A new prediction tool, named Jenner-predict server, has recently been developed to predict vaccine candidate in bacteria based on host–pathogen interactions [37]. The performance of web server was evaluated against known protective antigens from diverse classes of bacteria reported in Protegen database and datasets used for VaxiJen server development and, then, was applied to S. pneumoniae and Escherichia coli proteomes. Although the authors state that the prediction accuracy was better than other previously developed tools, it is based on the first premise that the candidate should be classified as “noncytosolic” by the software PSORT 3.0. Thus, none of the cytoplasmic candidates predicted by our method, in S. pneumoniae, were pointed out by the Jenner server. Several known candidates such as pneumolysin, surface protein PspA, choline-binding family protein known to be extracellular, or cell wall component were identified by Jaiswal and collaborators but not by our method. The fact that we did not identify these classical candidates could be explained by our more stringent criterions with respect to the conservation between strains. Among the proteins classified as “cytoplasmic membrane,” only two, an iron ABC transporter and an adhesion lipoprotein, were simultaneously identified by the Jenner server and our method probably due to the number of transmembrane helices. Jaiswal and collaborators used less than three membrane domains as a cutoff. Interestingly, the tributyrin esterase classified as unknown was identified in common by both our method and Jenner-predict server. Furthermore, this protein has been identified as essential for lung infection [24], indicating that this protein could be a strong new candidate for vaccine development against S. pneumoniae.
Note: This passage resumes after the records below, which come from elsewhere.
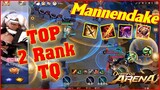 🌸Onmyoji Arena: Best MannenDake (Trúc) - TOP 2 Rank TQ - Muốn giỏi rừng nên xem Video này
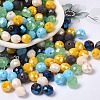 Glass Beads EGLA-A034-LM8mm-32-4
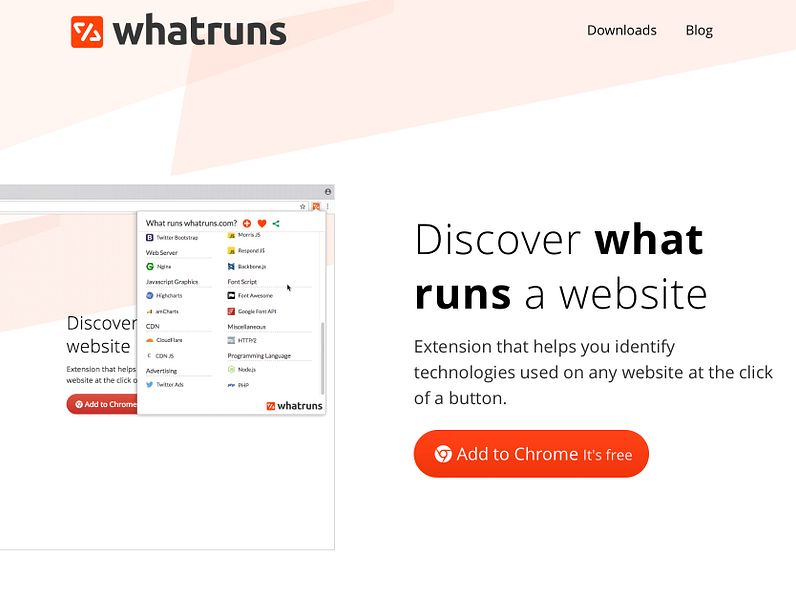 WhatRuns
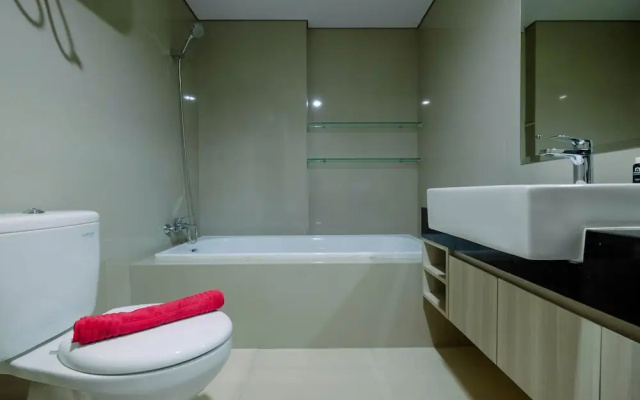 Modern Studio Apartment at Azalea Suites Cikarang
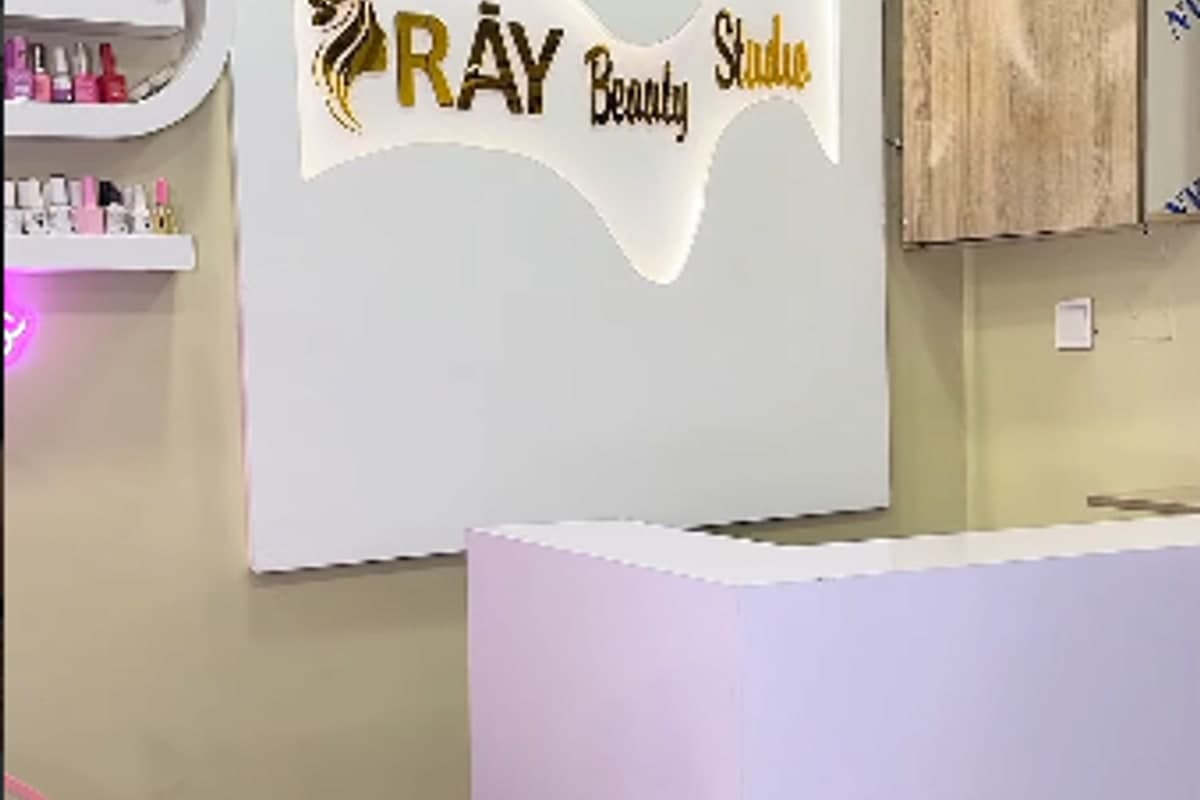 Nail and pedicure lounge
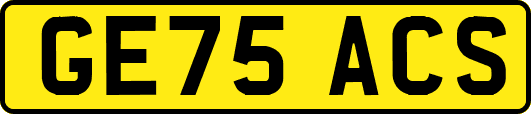 GE75ACS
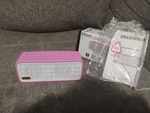 Pink Sylvania Bluetooth Speaker SP258 With Intructions. Fixed Price $24.00.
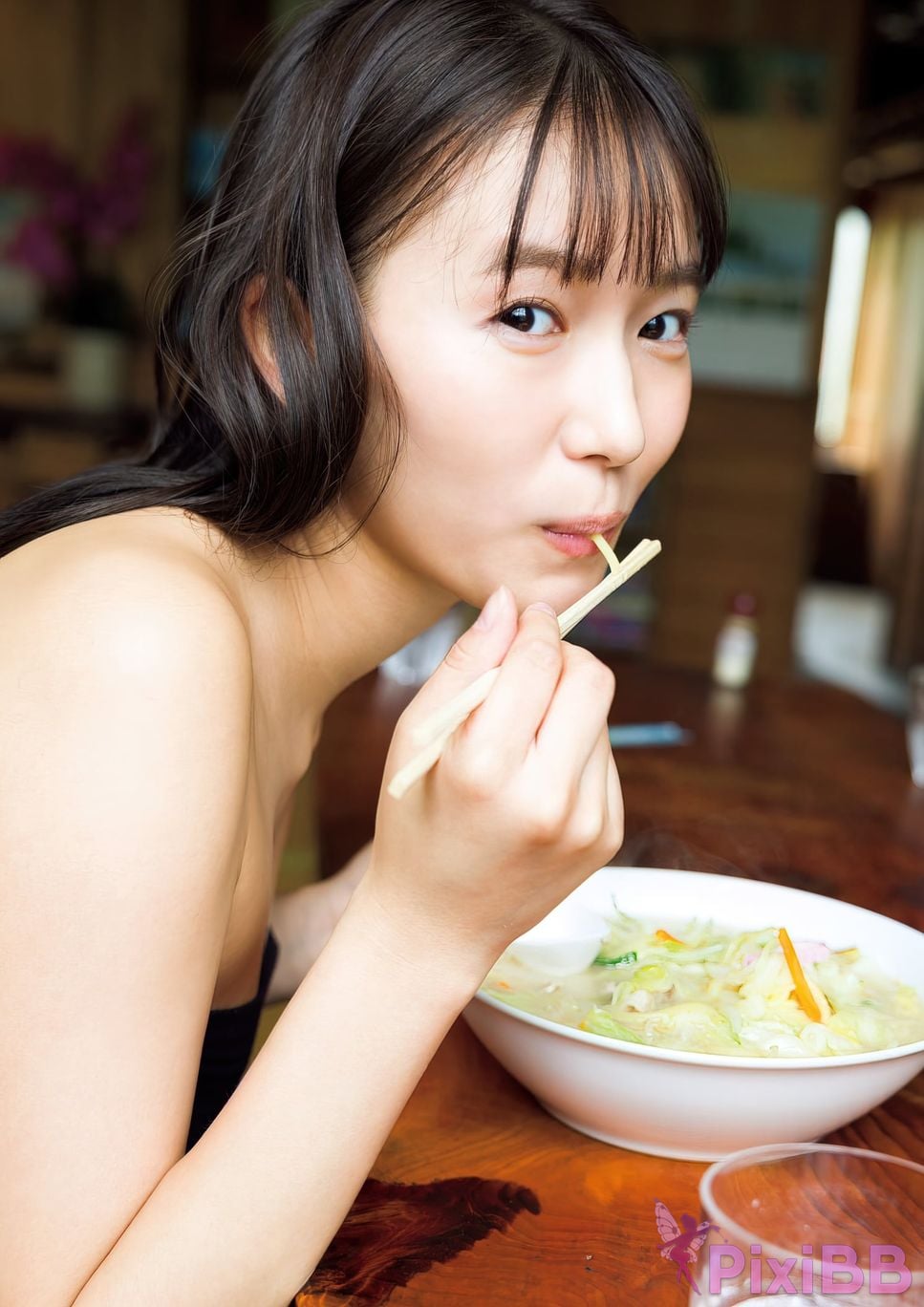 Japanese Idol Shida Nene First photo book nene Whole to the whole with bonus cuts only available in digital version PixiBB.COM 063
Among the possible limitations of our method is the election of false vaccine candidates, due to the accuracies of the software used, which are not optimal. Thus, biological confirmation is necessary. Furthermore, our very stringent criterion could explain why we found principally ribosomal proteins. And, even if these proteins are really exposed and immunogenic, one can concern about their possible homology with human proteins. We performed sequence alignment of the unknown and cytoplasmic protein categories identified here with the human genome using Basic Local Alignment Search Tool. In average, the sequence identity varies between 22 and 53 %. Notably, the ribosomal proteins L32, L33, and L35; one hypothetical protein of S. pneumoniae; the ribosomal protein L35; and the hypothetical protein of Leptospira ssp. have no homology with the human genome (results not shown).
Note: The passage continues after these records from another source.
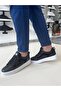 Kb-015 Kuback Black Leather Casual Men's Shoes - 3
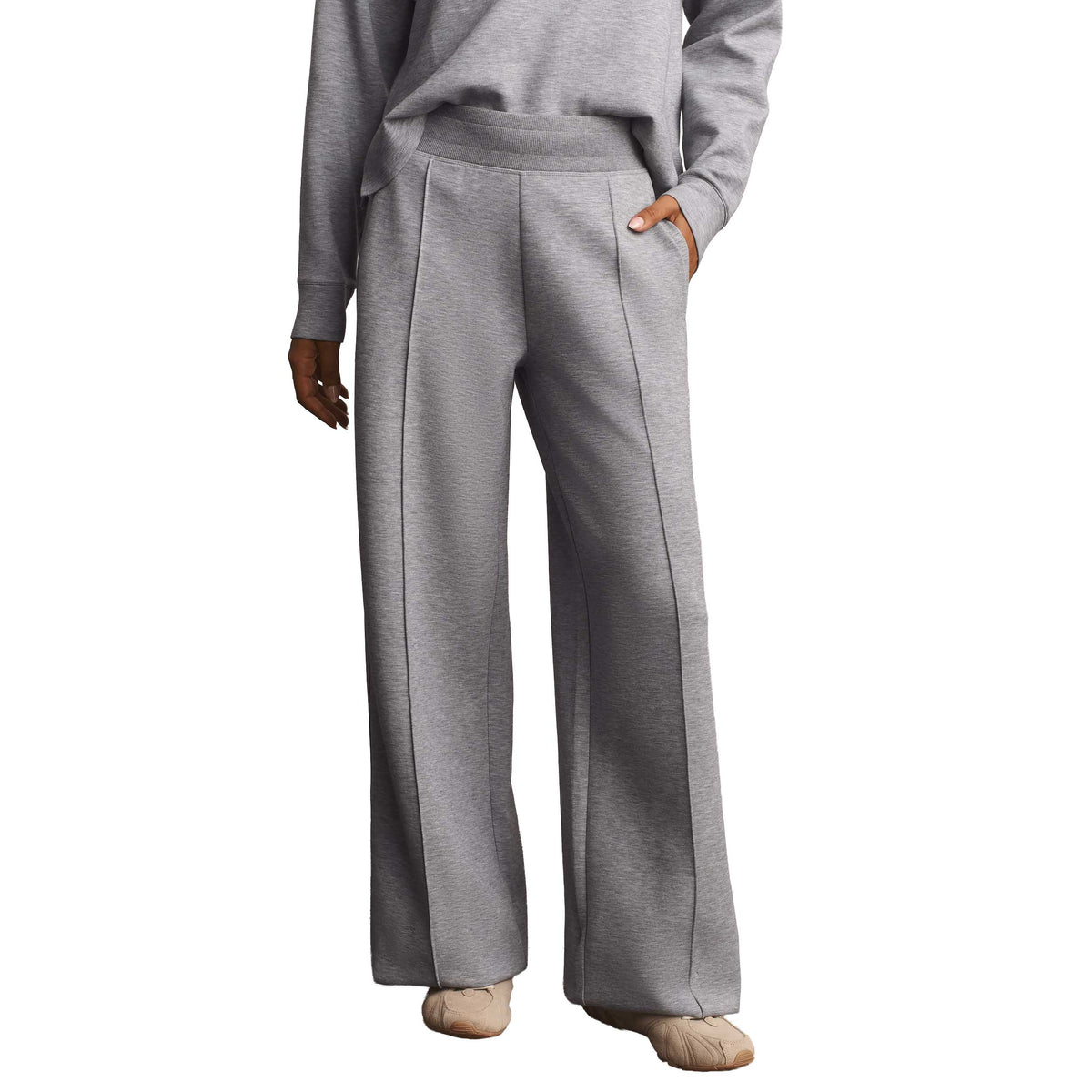 Women's DreamGlow Trouser - Heather Gray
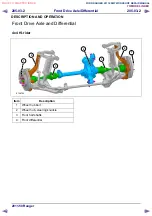 Предварительный просмотр 142 страницы Ford 2011 Ranger Workshop Manual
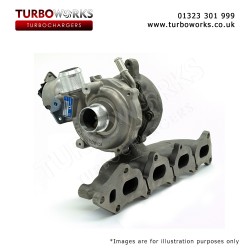 Remanufactured Turbocharger 5303 970 0521
Turboworks Ltd - Turbo reconditioning and replacement in Eastbourne, East Sussex, UK.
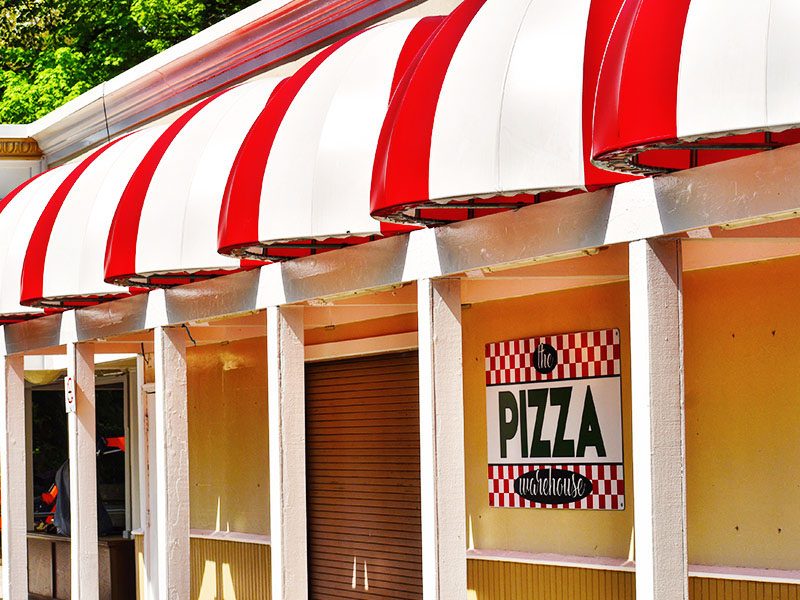 Pizza Warehouse at Kennywood in PA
The results obtained with Leptospira genomes were more restricted and less interesting than with Streptococcus. This could be due to the fact that we compared two different species L. interrogans and Leptospira borgpetersenii instead of several serotypes of the same species and indicated that finding common antigens to develop a broad vaccine is more unlikely to occur. In conclusion, our pipeline gave us the possibility to identify, besides the canonical virulence factors, cytoplasmic proteins with putative extracellular location. They might be new moonlighting proteins, and we think that this kind of proteins should not be neglected as possible subunit vaccine candidates. Some of them are already under investigation in our laboratory to further confirm their surface localization and immunogenicity.